▶ [MATERIAL TO PROCESS]
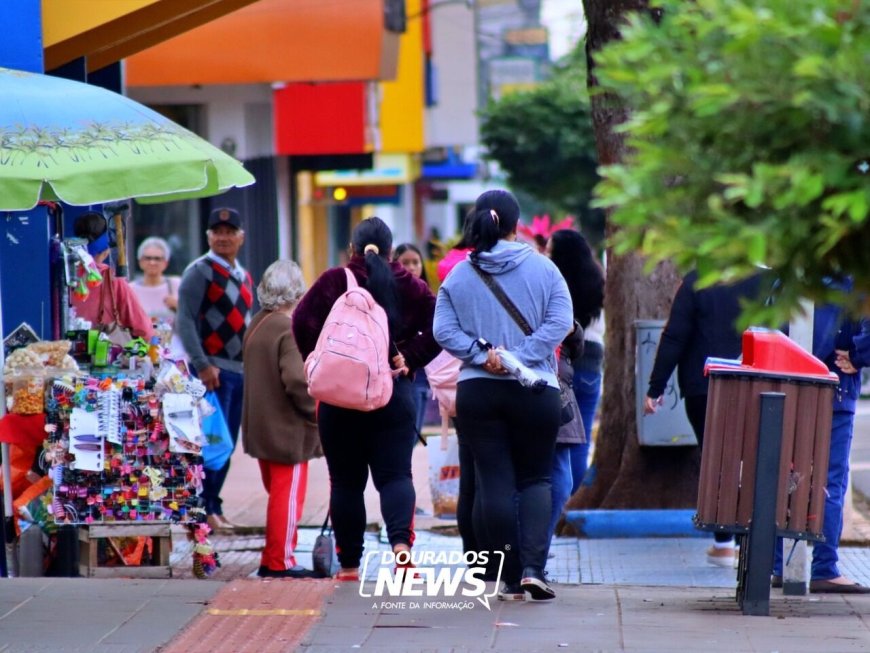 Inverno Chega com Frio Intenso e Chuva em Dourados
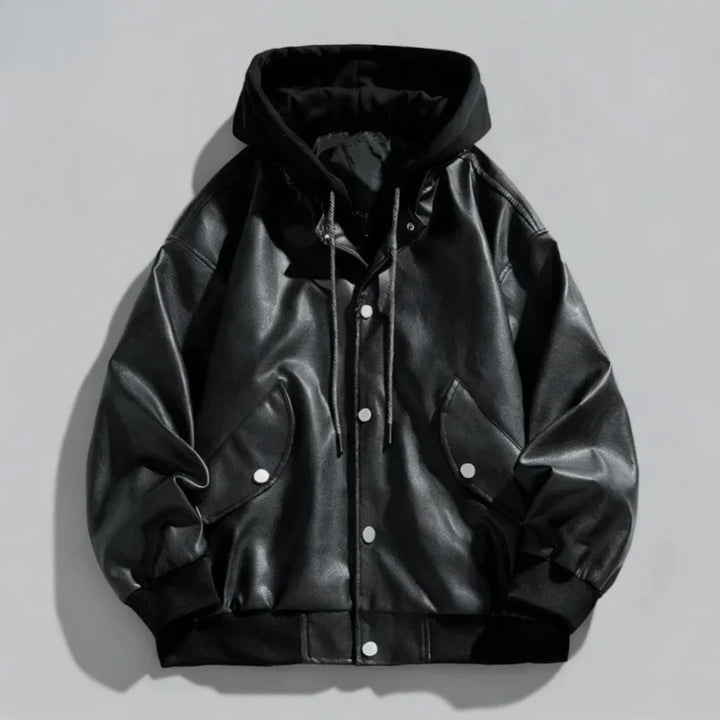 Varano Hooded Leather Jacket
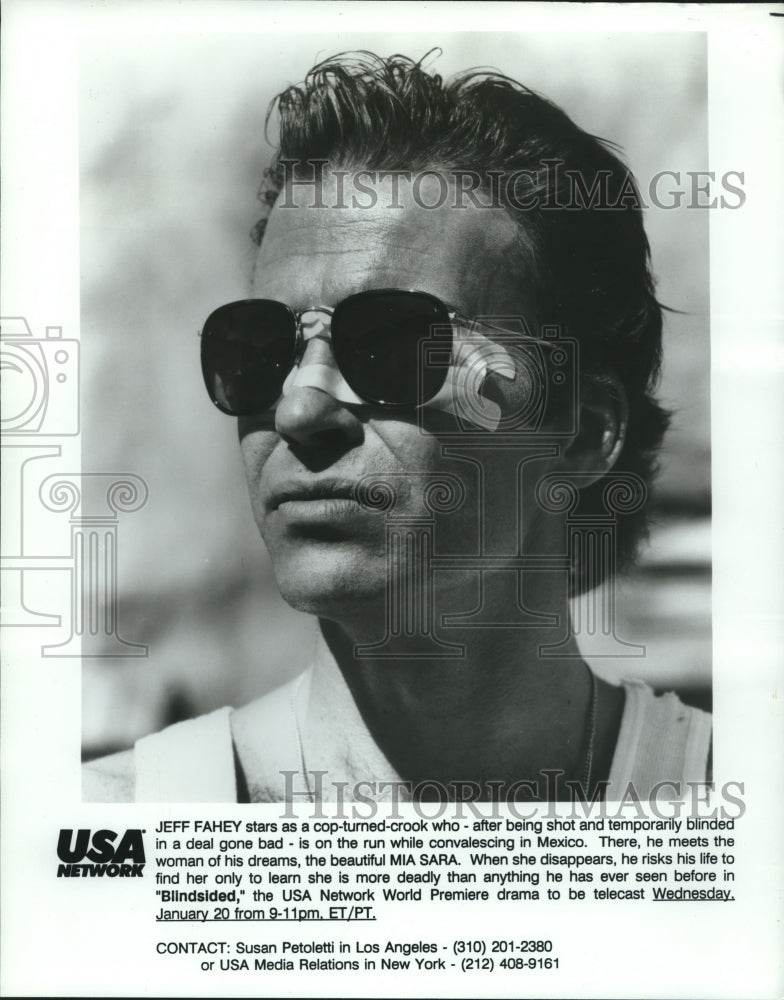 1993 Actor Jeff Fahey in &quot;Blindsided&quot;-Historic Images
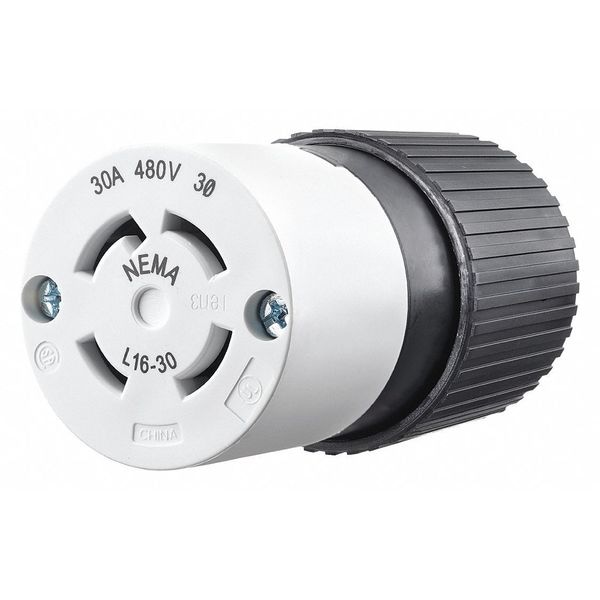 Zoro Select LKG CONN 30A 3PH 480V L16-30R B/W - 71630NC - Conector LKG Zoro Select de 30A 3PH 480V L16-30R B/W - 71630NC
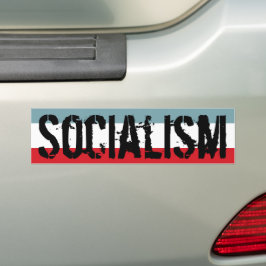 Sozialistischer Autoaufkleber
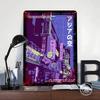 Asian City Street Vibes Printed Poster Customized Wall Art Retro Vintage Metal Tin Signs for Home Room Accessories Office Decor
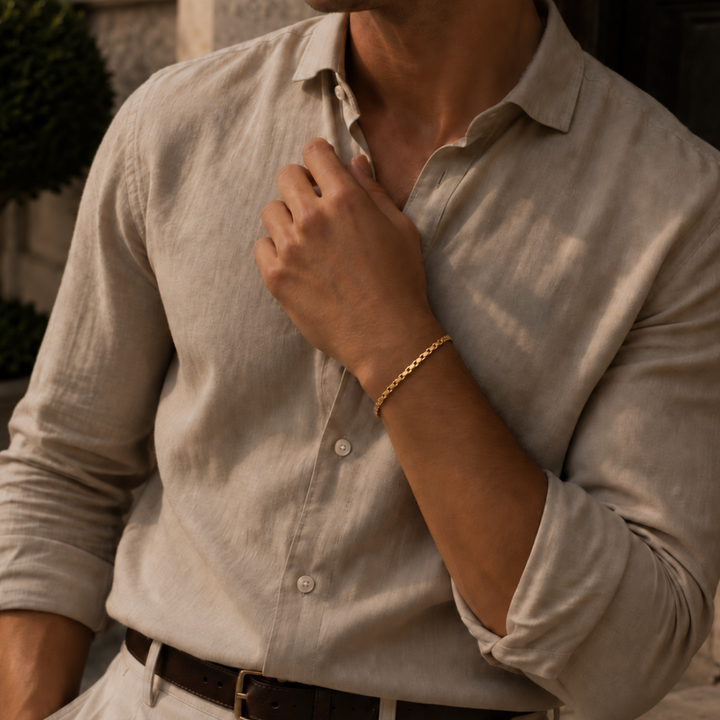 Gold Box Chain Bracelet - 3mm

▶ [WORK TASK] Could you transcribe all of the data exactly, keeping every picture out of the copy?

▶ [RESPONSE TO THE TASK]
 Inverno Chega com Frio Intenso e Chuva em Dourados
 Varano Hooded Leather Jacket
 1993 Actor Jeff Fahey in &quot;Blindsided&quot;-Historic Images
 Zoro Select LKG CONN 30A 3PH 480V L16-30R B/W - 71630NC - Conector LKG Zoro Select de 30A 3PH 480V L16-30R B/W - 71630NC
 Sozialistischer Autoaufkleber
 Asian City Street Vibes Printed Poster Customized Wall Art Retro Vintage Metal Tin Signs for Home Room Accessories Office Decor
 Gold Box Chain Bracelet - 3mm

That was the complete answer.